__Captioned web images__

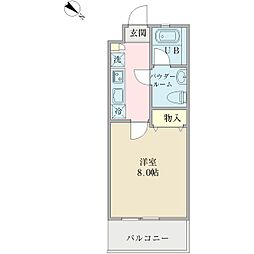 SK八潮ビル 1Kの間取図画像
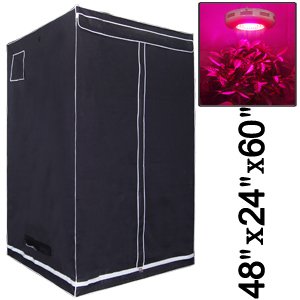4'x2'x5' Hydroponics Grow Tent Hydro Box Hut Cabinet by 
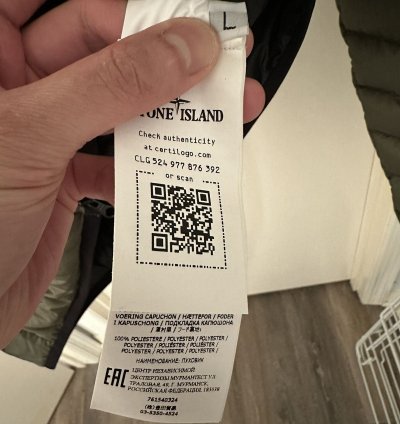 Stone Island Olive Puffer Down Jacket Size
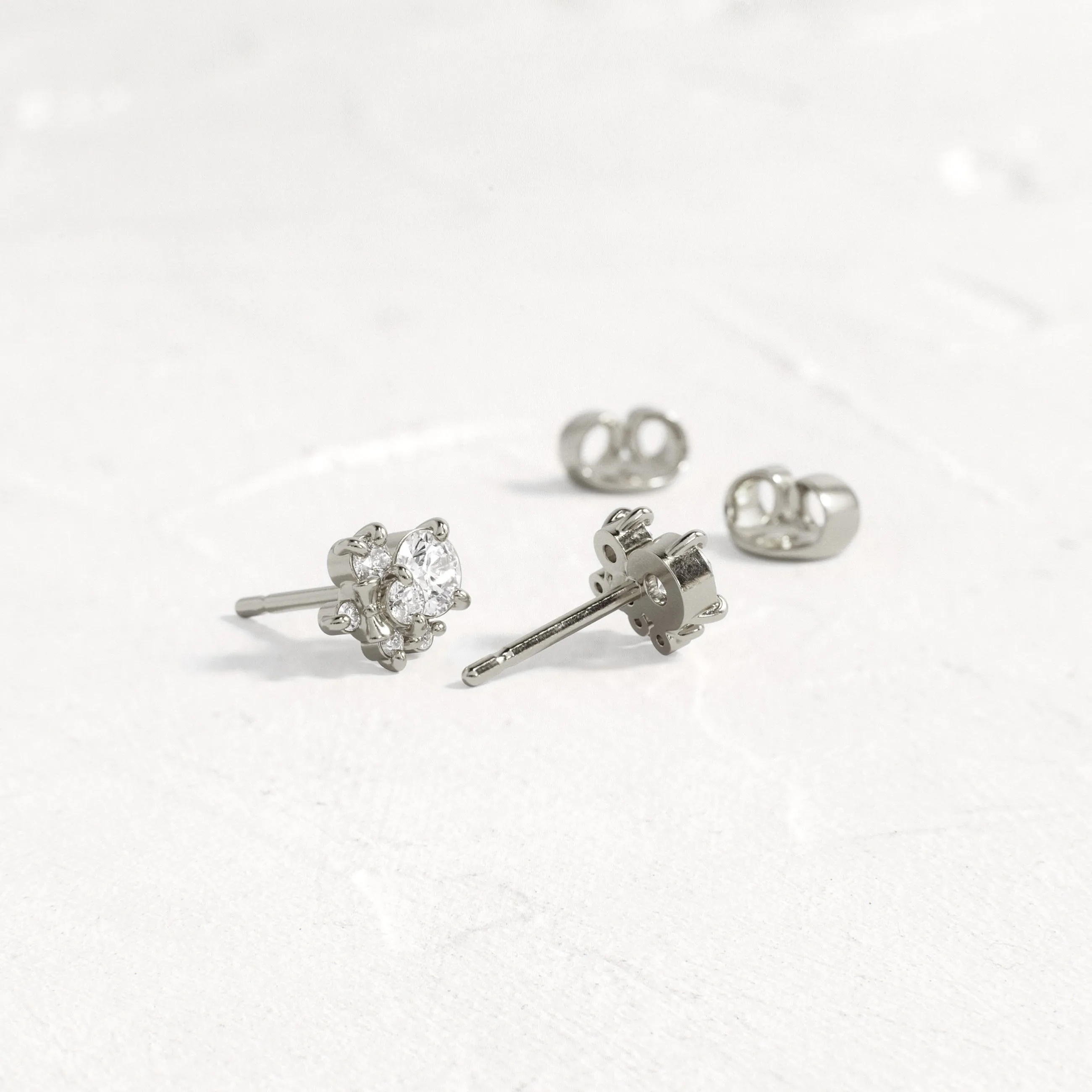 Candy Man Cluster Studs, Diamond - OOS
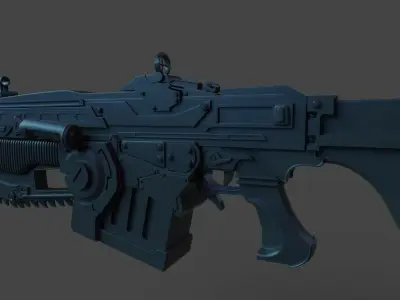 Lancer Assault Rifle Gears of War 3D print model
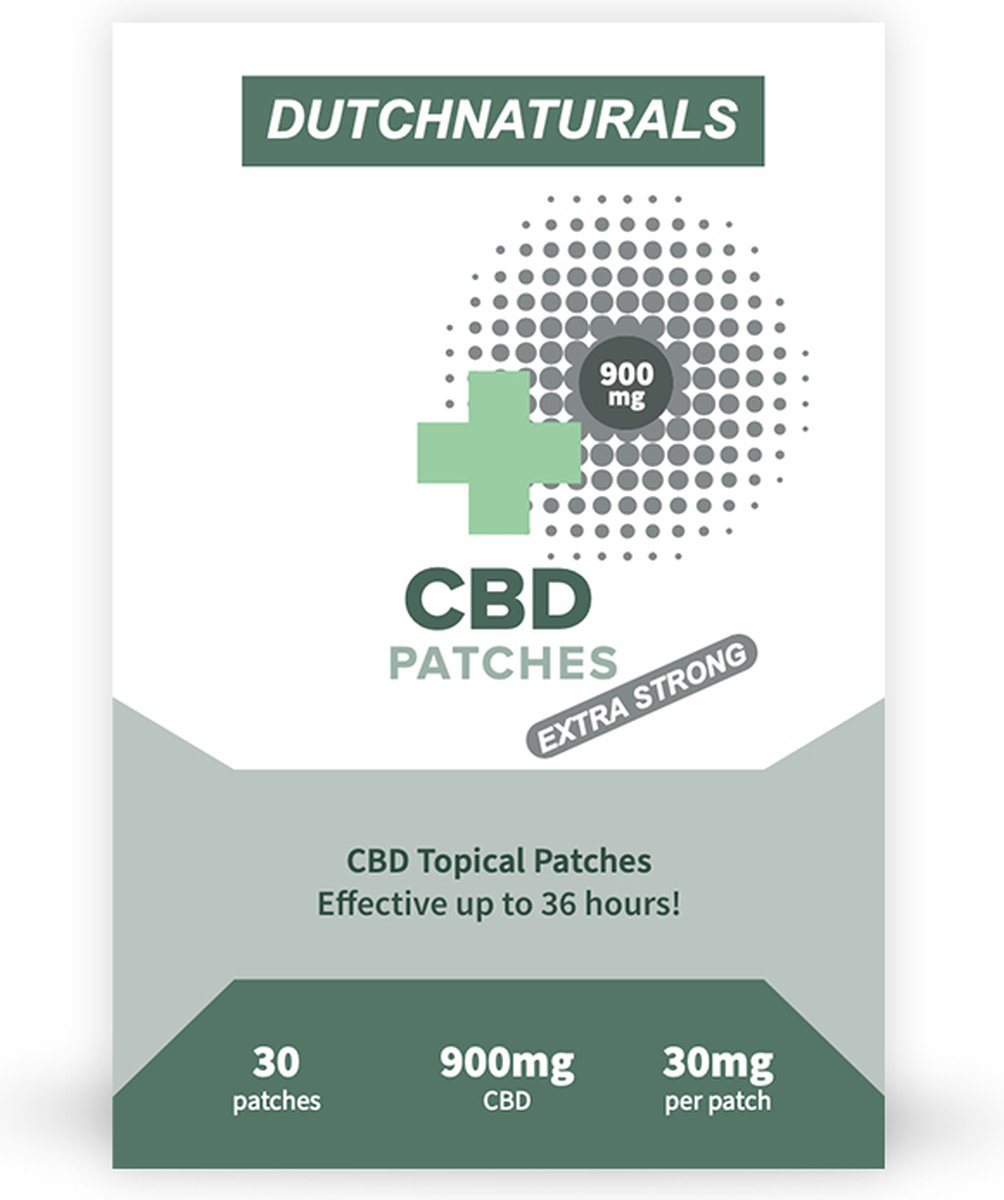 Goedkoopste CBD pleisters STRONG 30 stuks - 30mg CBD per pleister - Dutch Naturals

__Exercise description__
Would you restate word for word only the lines from the line with "Stone Island Olive Puffer Down Jacket Size" to the last line above, with the pictures left out?

__Output below__
 Stone Island Olive Puffer Down Jacket Size
 Candy Man Cluster Studs, Diamond - OOS
 Lancer Assault Rifle Gears of War 3D print model
 Goedkoopste CBD pleisters STRONG 30 stuks - 30mg CBD per pleister - Dutch Naturals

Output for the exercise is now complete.